___ EXERCISE DATA ___
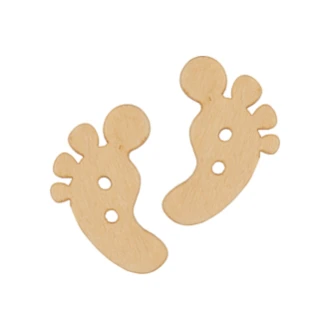 Houten knoop voetje 22mm van UNION KNOPF 452988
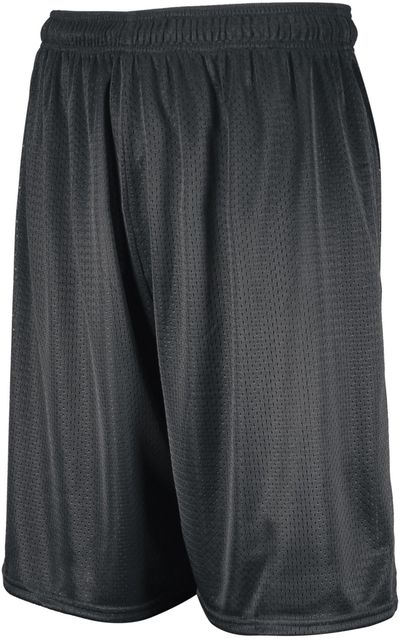 Am image of a Custom Russell Athletics Youth Dri Power Mesh Shorts in Black!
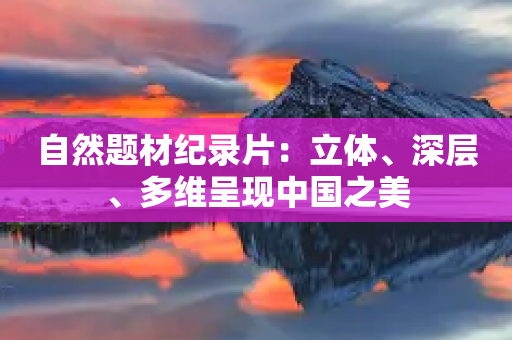 自然题材纪录片：立体、深层、多维呈现中国之美-第1张图片-靖非智能科技传媒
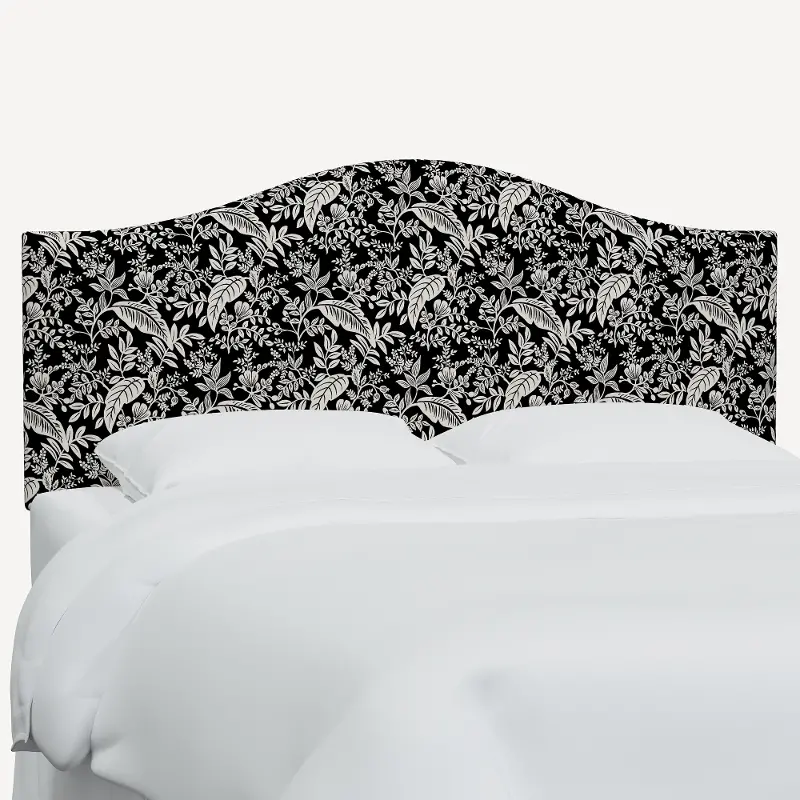 Rifle Paper Co Mayfair Canopy Black and Cream Twin Headboard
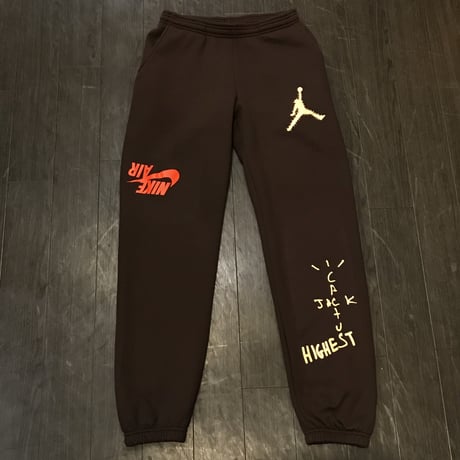 Nike × Travis Scott /Cactus Jack JORDAN Sweat Pants "BROWN"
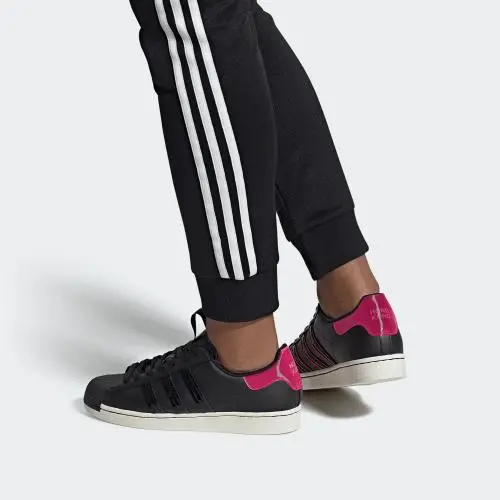 Giày Adidas Originals Superstar 'Black Pink' FW3922 - Ảnh 7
___
**ACTIVITY:** The records must come back exactly, with their pictures removed.

**ANSWER TO THIS TASK:**
 Houten knoop voetje 22mm van UNION KNOPF 452988
 Am image of a Custom Russell Athletics Youth Dri Power Mesh Shorts in Black!
 自然题材纪录片：立体、深层、多维呈现中国之美-第1张图片-靖非智能科技传媒
 Rifle Paper Co Mayfair Canopy Black and Cream Twin Headboard
 Nike × Travis Scott /Cactus Jack JORDAN Sweat Pants "BROWN"
 Giày Adidas Originals Superstar 'Black Pink' FW3922 - Ảnh 7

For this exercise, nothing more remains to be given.